Untuk tujuan tersebut, Geng Gulabi melengkapi agenda kegiatan organisasinya dengan membuat pelatihan-pelatihan bagi kaum perempuan. Pelatihan ketrampilan dasar diberikan bagi para anggotanya, sehingga mendorong anggota untuk sanggup menjamin kebutuhan ekonominya, sekaligus mengembangkan kepercayaan diri agar bisa melindungi kehidupannya dari berbagai penyelewengan.
Geng Gulabi sebagai persaudaraan perempuan ini juga melengkapi organisasinya dengan fasilitas yang bisa digunakan oleh masyarakat miskin sekitarnya. Wujud konkret salah satunya adalah fasilitas untuk pernikahan lengkap, tapi sekaligus dengan penyadaran tentang bentuk pernikahan sederhana yang beaya disesuaikan dengan kondisi masyarakat itu sendiri. Hal ini tidak mudah, karena di India, apalagi di wilayah Uttar Pradesh, budaya pernikahan telah menjadi begitu mahal dan merupakan sumber keuntungan bagi industri pengelola pernikahan. Pernikahan dengan upacara keagamaan dan ritual adat biasa dilakukan besar-besaran, sering melebihi kemampuan sebenarnya dari ekonomi yang menikah dan keluarganya.
Di sisi lain, Geng Gulabi dengan bentuk pernikahan lebih murah tapi tetap lengkap prosesinya ini, memungkinkan menjadi pekerjaan kaum perempuan, karena di daerah pedesaan belum begitu dikuasai oleh industri pengelola pernikahan sebagaimana di kota dan desa pinggiran kota.
Karena perjuangan dan kerja nyata Geng Gulabi membela kaum perempuan dan kaum miskin, banyak penghargaan diterima dari berbagai pihak.
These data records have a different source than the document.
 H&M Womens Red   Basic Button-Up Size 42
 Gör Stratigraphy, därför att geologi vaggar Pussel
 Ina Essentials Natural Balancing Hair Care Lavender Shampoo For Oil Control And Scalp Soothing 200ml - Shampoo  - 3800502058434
Walaupun tentu saja penghargaan-penghargaan tersebut bukan diterima ketika awal Geng Gulabi didirikan. Sebagai bukti bahwa setiap perjuangan akan menemukan kemudahannya ketika terus dijalankan dengan konsisten, demi keadilan dan keseteraan. Perjuangan nyata penuh keberanian dan konsistensi tersebut telah ditunjukkan oleh satu persaudaraan perempuan miskin, bernama Geng Gulabi.